**Exercise requirements:** Every line of the data below must be output exactly, with images left out.

**Given information:**
Content starts

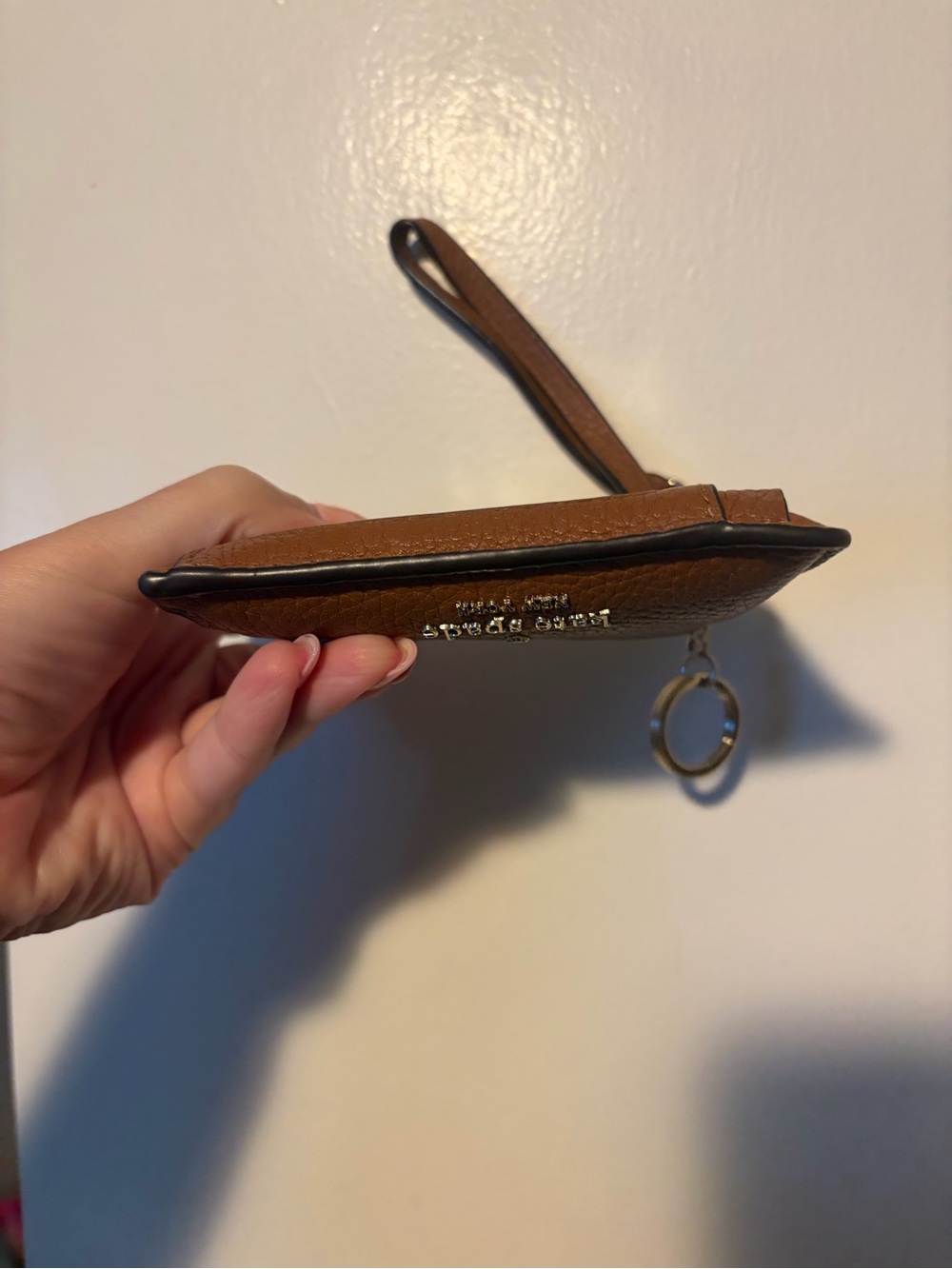 kate spade tan pebbled leather wristlet card case with keyring - Picture 5 of 8
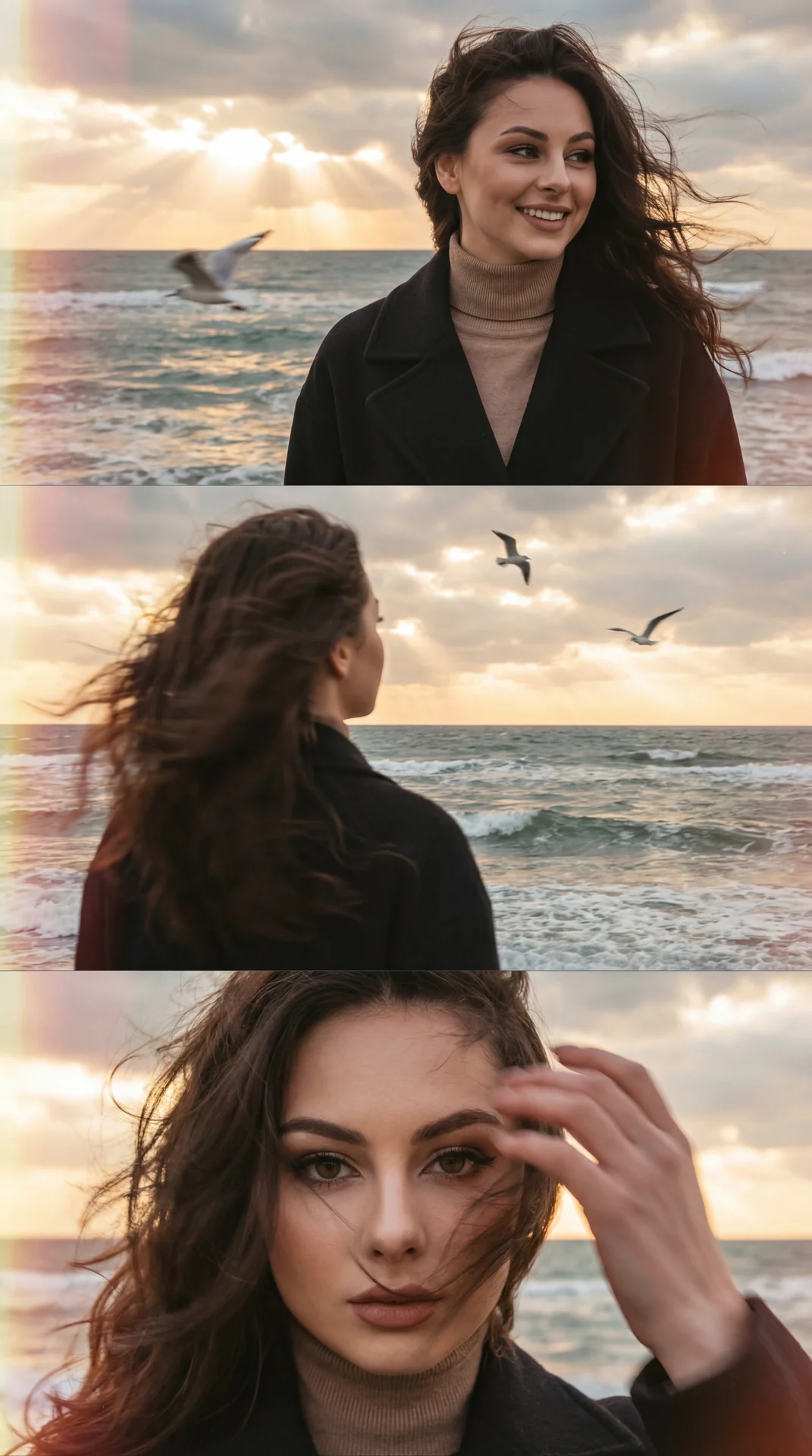 The image is a collage of three photographs, each capturing a different moment with a woman by the ocean.

1. **Top Image:** The woman is seen smiling, turned slightly to her right. Her long hair is tousled by the wind, casting a carefree and natural look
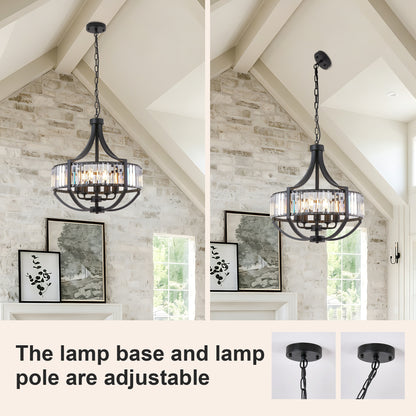 20" 5-Light Black Farmhouse Crystal Chandelier - view 4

Content ends

**Output below:**
 kate spade tan pebbled leather wristlet card case with keyring - Picture 5 of 8
 The image is a collage of three photographs, each capturing a different moment with a woman by the ocean.

1. **Top Image:** The woman is seen smiling, turned slightly to her right. Her long hair is tousled by the wind, casting a carefree and natural look
 20" 5-Light Black Farmhouse Crystal Chandelier - view 4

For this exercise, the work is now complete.